**COLLECTED DATA**
_____

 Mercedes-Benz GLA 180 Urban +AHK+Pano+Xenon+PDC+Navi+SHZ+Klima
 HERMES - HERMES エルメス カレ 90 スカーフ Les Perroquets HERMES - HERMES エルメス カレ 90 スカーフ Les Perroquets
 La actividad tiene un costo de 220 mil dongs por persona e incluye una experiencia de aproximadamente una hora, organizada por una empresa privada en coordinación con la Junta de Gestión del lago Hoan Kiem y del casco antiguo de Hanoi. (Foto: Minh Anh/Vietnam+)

_____

**TRY IT**
Would you write out the listing above exactly, in full?

**ANSWER TO THE PROBLEM**
 Mercedes-Benz GLA 180 Urban +AHK+Pano+Xenon+PDC+Navi+SHZ+Klima
 HERMES - HERMES エルメス カレ 90 スカーフ Les Perroquets HERMES - HERMES エルメス カレ 90 スカーフ Les Perroquets
 La actividad tiene un costo de 220 mil dongs por persona e incluye una experiencia de aproximadamente una hora, organizada por una empresa privada en coordinación con la Junta de Gestión del lago Hoan Kiem y del casco antiguo de Hanoi. (Foto: Minh Anh/Vietnam+)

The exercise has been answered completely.